Xinhua, September 27, 2016 Adjust font size:

Students at Australia's most prestigious university are protesting a new laboratory for a United States missile manufacturer.

The student union at the University of Melbourne said a collaboration between Lockheed Martin, one of the largest suppliers of missiles and war planes to the U.S. and the university's Defence Science Institute (DSI) was "unethical."

Tyson Holloway-Clarke, president of the student union, said by approving the lab the university was "endorsing, and being complicit in this technology which could lead to death and the destruction of property."

"We oppose violence," Holloway-Clarke told Fairfax Media in comments published on Tuesday. "We are ideologically opposed to this partnership. It's ethically dubious."

Holloway-Clarke said students were not consulted on whether the lab would be built and he is now writing to state and federal governments to bring the issue to light.

Research at the new lab, Lockheed Martin's first outside the U.S., will focus on developing computer software to direct missile attacks, hypersonic flights, robotics, intelligence and surveillance.

Lockheed Martin promised that the 10 million U.S. dollars STELaR Lab would create 20 research jobs for science and technology graduates from the university.

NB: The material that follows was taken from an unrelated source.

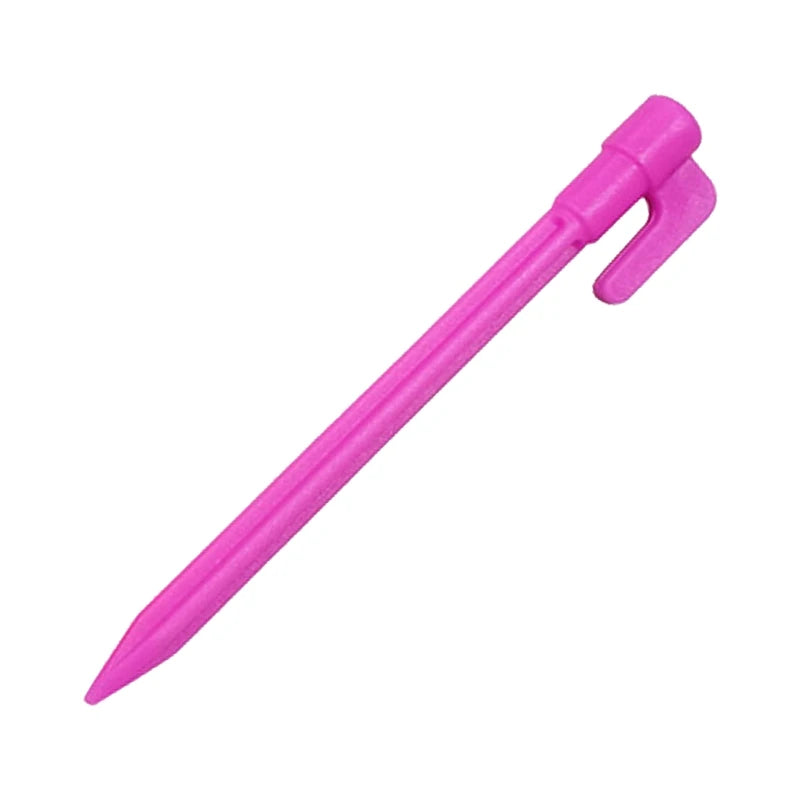 4Pcs/Set Tent Pegs Outdoor Travel Beach Mat Camping Tent Fixed Pegs Tent Accessories Fixed Nails Durable 14.5x2.4cm Drop Ship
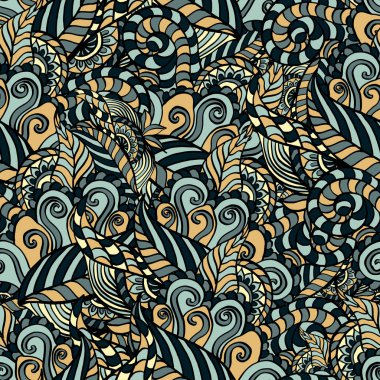 Kusursuz soyut desen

A spokesperson for the company told Fairfax that the location of lab did not represent a partnership with any university and it was a "independent world-class multidisciplinary research facility."

"Lockheed Martin laboratories operate on the frontline of applied research and development, and have been responsible for many advanced technology breakthroughs. It is our vision that STELaR Lab will add to that unparalleled legacy of technological excellence, and contribute to the advancement of human knowledge," the spokesman said.

A university spokeswoman said that the university's research relationships were established after a "full and considered review of the opportunities and outcomes they provide for the University's staff and students."